A second fluid may be produced from the formation following
injection of the first fluid into the formation. The second fluid
may include material dissolved in the first fluid. For example, the
second fluid may include carbonic acid or other hydrated carbonate
compounds formed from the dissolution of nahcolite in the first
fluid. The second fluid may also include minerals and/or metals.
The minerals and/or metals may include sodium, aluminum,
phosphorus, and other elements.
Solution mining the formation before the in situ heat treatment
process allows initial heating of the formation to be provided by
heat transfer from the first fluid used during solution mining.
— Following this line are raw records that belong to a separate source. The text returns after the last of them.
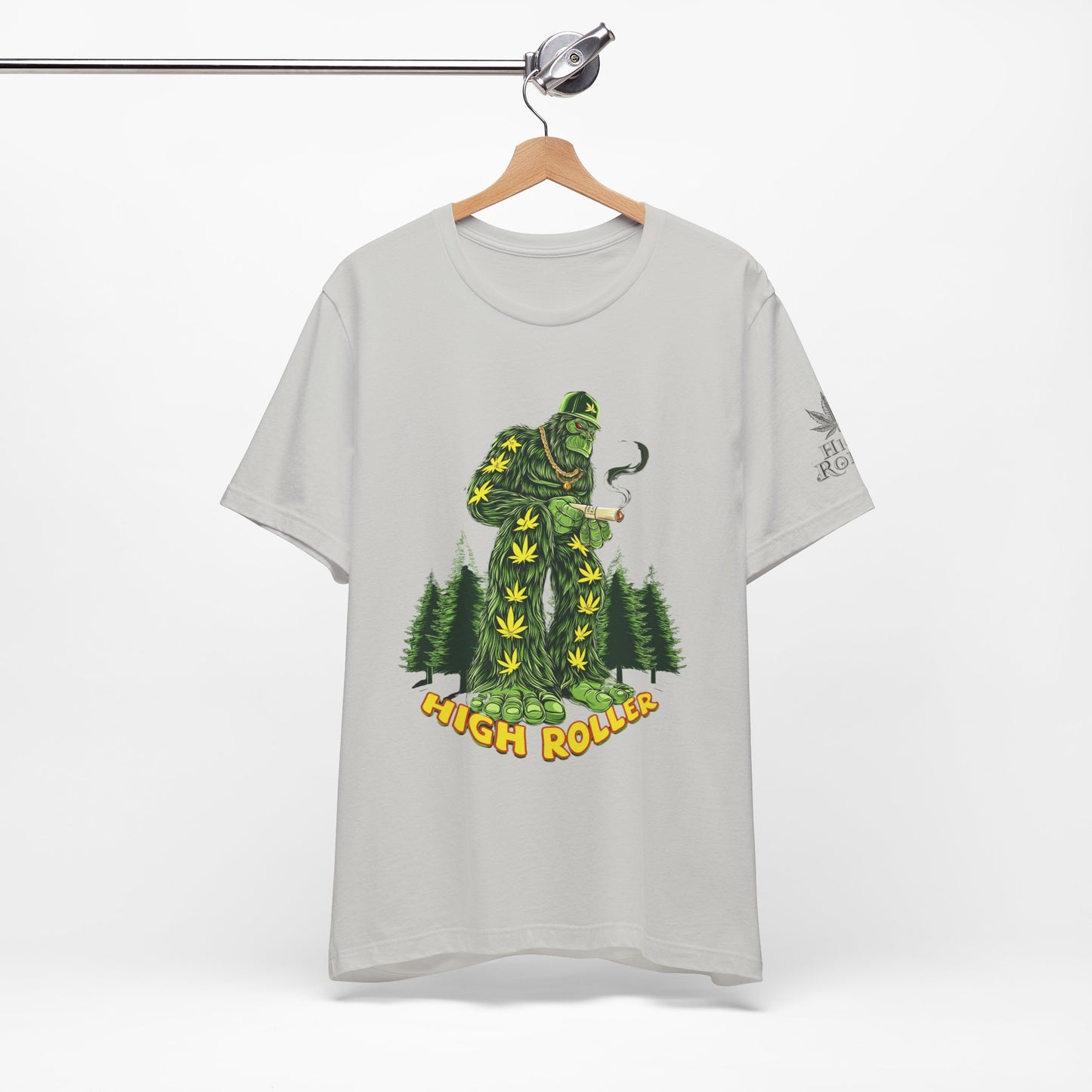 Cannabis Sasquatch Forest King T-Shirt - Premium Bigfoot 420 Lifestyle Apparel"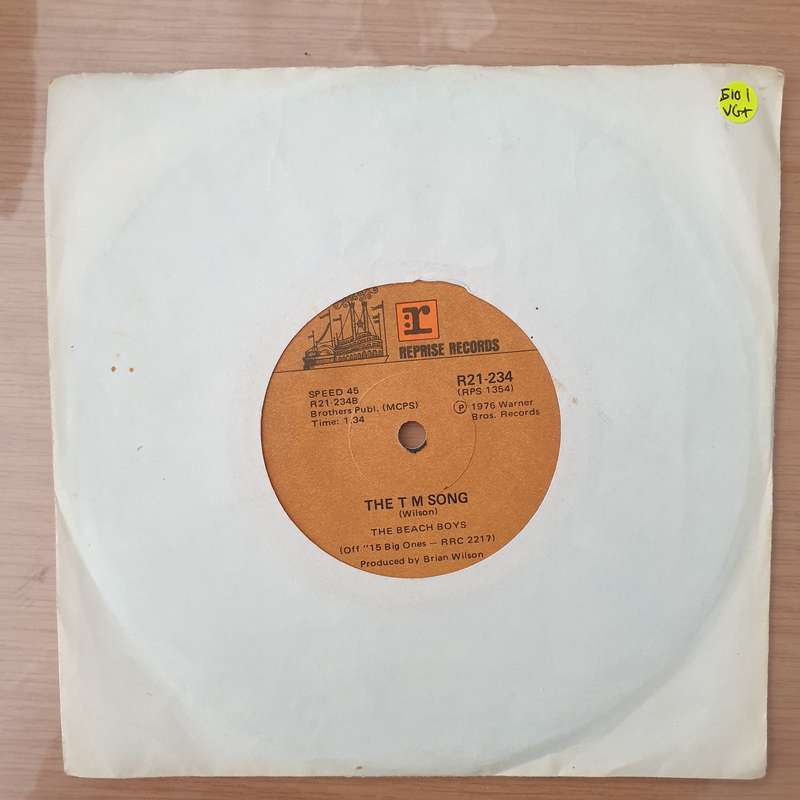 The Beach Boys  Rock And Roll Music -  Vinyl 7" Record - Very-Good+ Quality (VG+) (verygoodplus)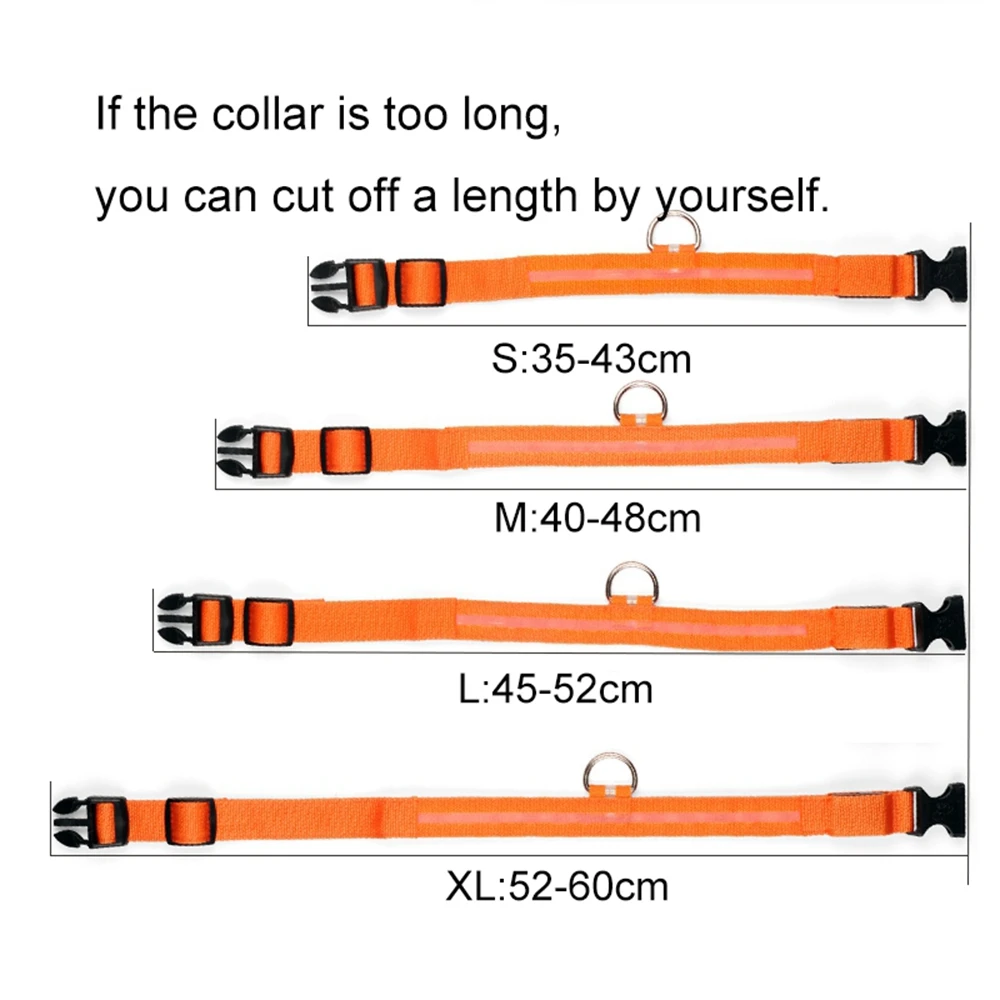Светодиодный Рождественский светящийся ошейник для собаки маленьких средних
Solution mining nahcolite or other minerals that decompose or
dissociate by means of endothermic reactions before the in situ
heat treatment process avoids having energy supplied to heat the
formation being used to support these endothermic reactions.
Solution mining allows for production of minerals with commercial
value. Removing nahcolite or other minerals before the in situ heat
treatment process removes mass from the formation. Thus, less mass
is present in the formation that needs to be heated to higher
temperatures and heating the formation to higher temperatures may
be achieved more quickly and/or more efficiently. Removing mass
from the formation also may increase the permeability of the
formation. Increasing the permeability may reduce the number of
production wells needed for the in situ heat treatment process. In
certain embodiments, solution mining before the in situ heat
treatment process reduces the time delay between startup of heating
of the formation and production of hydrocarbons by two years or
more.
FIG. 232 depicts an embodiment of solution mining well 938.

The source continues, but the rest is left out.